God’s voiced proclamation assures readers that Jesus is the real thing – the beloved authentic Son promised from the times of the OT in whom God is now pleased. These OT images (focus Isaiah 42:1-4 and Psalm 2:7) give readers a striking portrayal of Jesus as the unique son of God who will carry forward God’s promise of a Messiah-servant-being who would bring the long awaited Kingdom of God. Instantly, after this voiced confirmation by God, the Spirit drives Jesus away from one wilderness and into another – to an outside place further away from daily life and everyday contexts, and the flow of crowds coming to John. The role of Jesus is portrayed as entirely passive in the narrator’s recounting. The active verbs in this scene refer to the Spirit and the angels. The narrator offers readers a privileged insight into the outside – to beyond the norms of human affairs in order to show the role of a personal and performative dimension of the Spirit in Jesus’ mission of facing conflict, and a power battle that is not entirely played out in daily life situations. Intriguingly, the vivid and striking verb ekballo—drive out—for the Spirit’s action is used some fifty times in this narrative, most often, as we shall see later, when Jesus drives out demons. This verb usually connotes motions of conservation or resistance, but the narrator chooses to leave any such overt suggestions out of the picture. What is portrayed more clearly is that the authentic unique Son of God faces this time of conflict through the initiative of the Spirit. Whatever testing experience Jesus goes through in this outside place, its overall impact is positive with respect to the unfolding mission of God in these new times. Jesus again receives confirmation as God’s authentic Son. The protagonist Satan, the adversary, tests Jesus in the outside wilderness place for a period, likely here reminiscent of the previous period of Israel’s testing in the outside places—wilderness prior to entering the Promised Land.
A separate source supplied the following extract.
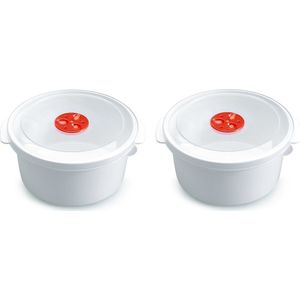 2x stuks magnetron voedsel opwarmen potjes/bakjes 2 liter met speciale deksel - 22 x 20 x 10 cm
The narrator makes very little of this encounter and the testing connected to it. No sense of victory or defeat – winner or loser. The mention of wild animals may reinforce the picture of an outside place and Israel’s wanderings in the wilderness where God’s people are protected from vicious animals, much as Jesus may have now been through the aid of angels.

The focus here seems to be to heighten the drama as the baptized and baptizing Son of God – the coming One is thrust into heavy conflict in a hostile environment that threatens, yet cannot stop God’s unfolding mission to Israel and to the whole world through his Son.